圡方 僕は澤村記者と話していて「こんなに勉強しているのか」と驚いた方なんです。確かに、映像に写っている本の傾向はイデオロギー的に偏っているように思えますが、彼は、内容はもちろんその背景までをもしっかりと読み込んでいます。右であれ左であれ、あれだけ本を読んでいるテレビマンはあまり見かけません。「事件をどのように報じるべきか?」「メディアはどうあるべきか?」「自分は事件から何を感じているのか?」といった、メディアの倫理を考えて仕事に取り組んでいる人は、今のテレビの世界には少なくなっているんじゃないでしょうか。自分の意見があるというか。もっと上の世代にはいたのかもしれないのですが。
 自分を含め、最近のテレビの人間は「どうやったら見てもらえるか」あるいは、もっと消極的に「どうやったら叩かれないか」と、受け手の反応だけを過剰に意識して制作している人が少なくありません。映像の中にあるように、澤村記者から「テレビの闇はもっと深いのではないか?」と問われて、自分自身も答えられませんでしたからね。

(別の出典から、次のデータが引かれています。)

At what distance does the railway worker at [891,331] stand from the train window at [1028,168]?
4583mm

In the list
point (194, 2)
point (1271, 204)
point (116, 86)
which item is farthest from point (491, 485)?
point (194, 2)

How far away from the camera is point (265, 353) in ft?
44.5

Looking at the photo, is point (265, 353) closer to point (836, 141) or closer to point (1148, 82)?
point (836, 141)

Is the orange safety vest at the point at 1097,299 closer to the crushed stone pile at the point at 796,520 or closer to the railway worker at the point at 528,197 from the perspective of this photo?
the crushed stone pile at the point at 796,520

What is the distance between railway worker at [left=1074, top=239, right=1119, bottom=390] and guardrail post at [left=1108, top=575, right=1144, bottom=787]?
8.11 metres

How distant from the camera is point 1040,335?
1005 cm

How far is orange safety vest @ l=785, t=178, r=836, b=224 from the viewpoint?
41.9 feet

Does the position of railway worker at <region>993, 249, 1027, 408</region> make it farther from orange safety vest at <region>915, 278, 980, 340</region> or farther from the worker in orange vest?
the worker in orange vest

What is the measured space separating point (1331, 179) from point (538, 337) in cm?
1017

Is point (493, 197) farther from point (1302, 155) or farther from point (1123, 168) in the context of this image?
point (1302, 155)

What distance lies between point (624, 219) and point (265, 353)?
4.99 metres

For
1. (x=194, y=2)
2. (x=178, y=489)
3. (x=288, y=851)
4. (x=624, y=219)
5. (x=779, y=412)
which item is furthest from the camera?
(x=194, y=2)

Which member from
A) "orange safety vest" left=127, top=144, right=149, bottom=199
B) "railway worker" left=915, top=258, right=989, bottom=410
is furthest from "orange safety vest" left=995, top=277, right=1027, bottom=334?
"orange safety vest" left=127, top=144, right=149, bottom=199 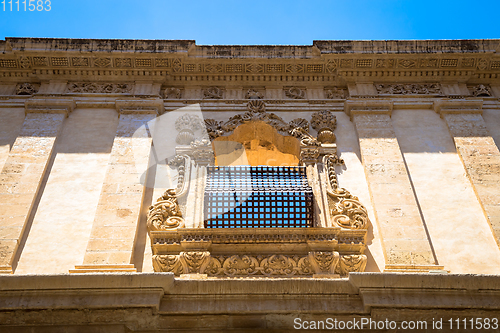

──あれは、本当に言い淀んでいたんですね。「相手の反応をもっと引き出すために敢えて答えない」という手法なのかととらえてしまっていました。実は「ここで黙って更に言わせようとするのはちょっと意地悪だなー」とまで思っていたんですが、考えすぎだったんですね(笑)。そんな、言い淀んでしまった部分を、あえてカットせずに使ったのはなぜでしょうか?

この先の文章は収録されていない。